The character of a half pipe depends on the relationship between four qualities: most importantly, the transition radius and the height, and less so, the amount of flatbottom and the width. Extra width naturally allows longer slides and grinds while flatbottom, while valued for recovery time, serves no purpose if it is longer than it needs to be.
Thus, it is the ratio between height and transition radius that determines the personality of a given ramp, because the ratio determines the angle of the lip.
On half pipes which are less than vertical, the height, generally between typically between 50% and 75% of the radius, profoundly affects the ride up to and from the lip, and the speed at which tricks must be executed. Ramps near or below 3’ of height sometimes fall below 50% of the heights of their radii. These are most often designed for beginners, although technical skaters use them as well, for advanced flip tricks and spin maneuvers. Smaller transitions that maintain the steepness of their larger counterparts are commonly found in pools, made for skating, and in custom mini ramps. The difficulty of technical tricks is increased with the steepness, but the feeling of dropping in from the coping is preserved.
Frame and Support: Skateboard and BMX half-pipes frequently consist of a wooden 2X4 framework that is then covered with sheets of plywood that are then covered with sheets of masonite or Skatelite (see surfacing below). Another approach is to construct a metal frame and then use either wood or metal to surface the ramp.
Surfacing: Most commercial and contest ramps are surfaced by screwing sheets of some form of masonite to a wooden or metal frame. Many private ramps are surfaced in the same manner but some use plywood instead of masonite as surface material. Some ramps are constructed by spot-welding sheet metal to the frame, resulting in a fastener-free surface.

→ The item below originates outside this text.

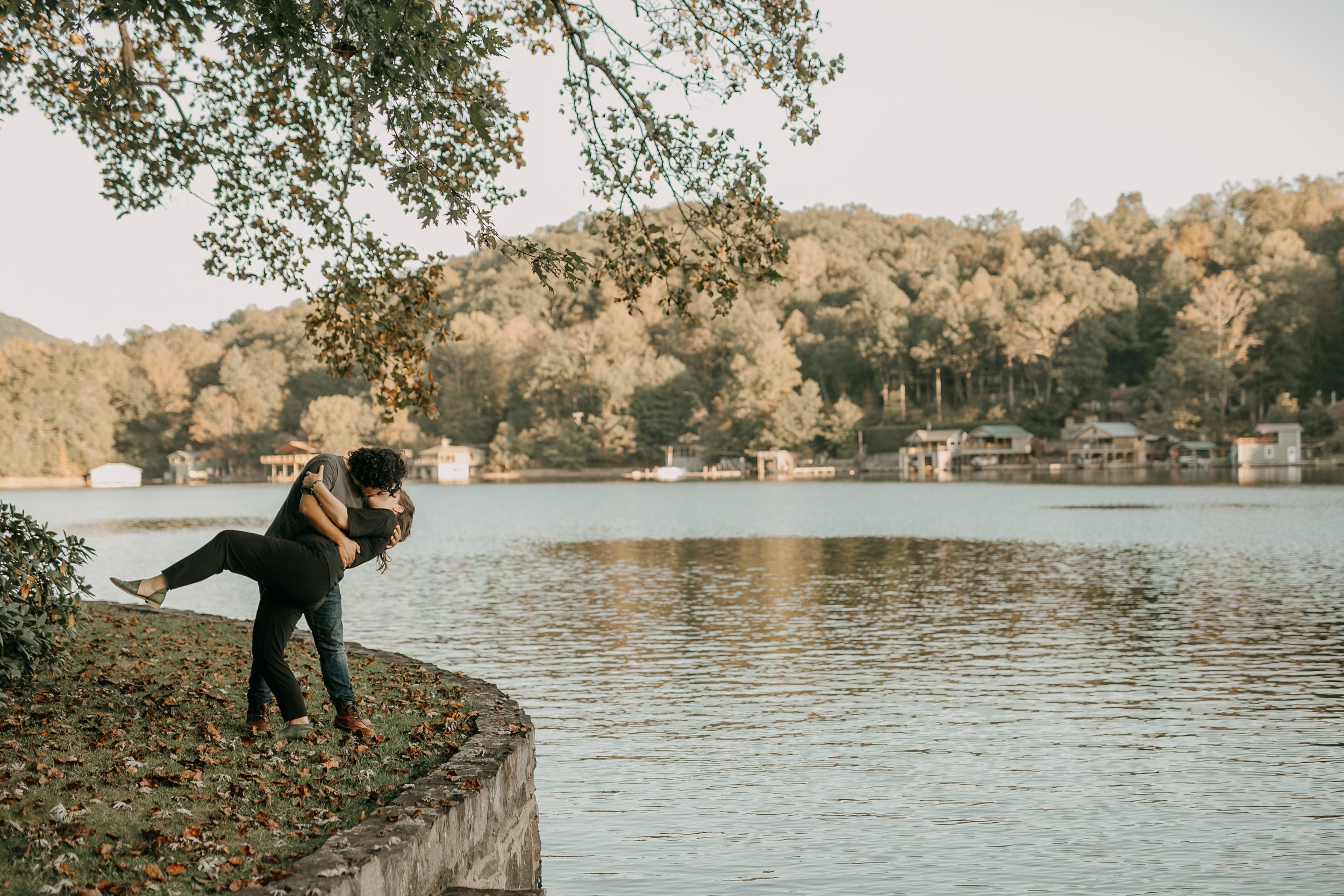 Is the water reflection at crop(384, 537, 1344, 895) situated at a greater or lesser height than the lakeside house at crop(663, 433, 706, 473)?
lesser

Recent developments in technology have produced various versions of improved masonite substances such as Skatelite, RampArmor, and HARD-Nox. While these ramp surfaces are more expensive than traditional materials, they skate and ride better and are more durable.
Design Variations: Channels, extensions, and roll-ins are the basic ways to customize a ramp. Sometimes a section of the platform will be cut away to form a roll-in and a channel. This allows skaters to commence a ride without dropping in, and perform tricks "over the gap". A roll-in is visible in the picture of Hulley's Ramp. Extensions are permanent or temporary additions to the height of one section of the ramp that can make riding more challenging.

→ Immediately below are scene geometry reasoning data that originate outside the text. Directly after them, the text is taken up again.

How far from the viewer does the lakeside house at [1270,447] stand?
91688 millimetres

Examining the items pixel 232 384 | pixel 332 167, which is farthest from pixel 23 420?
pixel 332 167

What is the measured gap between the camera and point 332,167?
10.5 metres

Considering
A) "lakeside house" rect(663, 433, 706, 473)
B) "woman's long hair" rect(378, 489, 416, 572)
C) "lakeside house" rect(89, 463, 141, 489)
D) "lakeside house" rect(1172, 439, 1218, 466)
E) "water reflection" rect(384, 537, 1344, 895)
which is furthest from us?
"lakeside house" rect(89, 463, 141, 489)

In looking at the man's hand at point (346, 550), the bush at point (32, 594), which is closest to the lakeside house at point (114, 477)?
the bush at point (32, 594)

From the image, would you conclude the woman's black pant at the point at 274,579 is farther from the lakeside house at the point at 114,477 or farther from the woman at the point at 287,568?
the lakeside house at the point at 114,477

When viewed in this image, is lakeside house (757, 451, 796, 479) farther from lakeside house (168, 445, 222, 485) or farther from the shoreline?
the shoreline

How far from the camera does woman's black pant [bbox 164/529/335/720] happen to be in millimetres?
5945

Creating a spine ramp is another variation of the half-pipe. A spine ramp is basically two quatrepipes adjoined at either vertical end. Go to http://www.heckler.com/ramps/halfpiphi.html
Half-pipes created using snow were originally done in large part by hand or with heavy machinery. Now most "pipes" are cut into a large pile of snow using an apparatus that is similar to a grain elevator. The inventor to bring this technology to the slopes was actually a farmer. He created the "pipe-dragon" which was used in both the 1998 and 2002 Winter Olympics. . Another manufacturer is a Swiss company that makes the Zaugg Pipe Monster.
The Pipe Monster is different in that it uses 5 cutting edges called haspels to cut the snow, rather than a chain. Also Zaugg Pipe Groomers have an elliptical shape that is safer and allows the rider to gain more speed. Zaugg has created a 22 Foot Pipe Monster that for some years made the world's largest elliptical half pipe.
Since 1996 a Finnish company has been manufacturing and selling HPG halfpipe grinders.. The HPG is the most used technology worldwide for construction and maintenance of halfpipes and superpipes. In spring 2006 the company launched a new world's largest superpipe grinder, the HPG Ultra G23, making 23 foot elliptical halfpipes.
There are two major companies that train snow cat operators and build halfpipes for events such as the X Games. Planet Snow Design and Snow Park Technologies were founded on this growing snowboard market.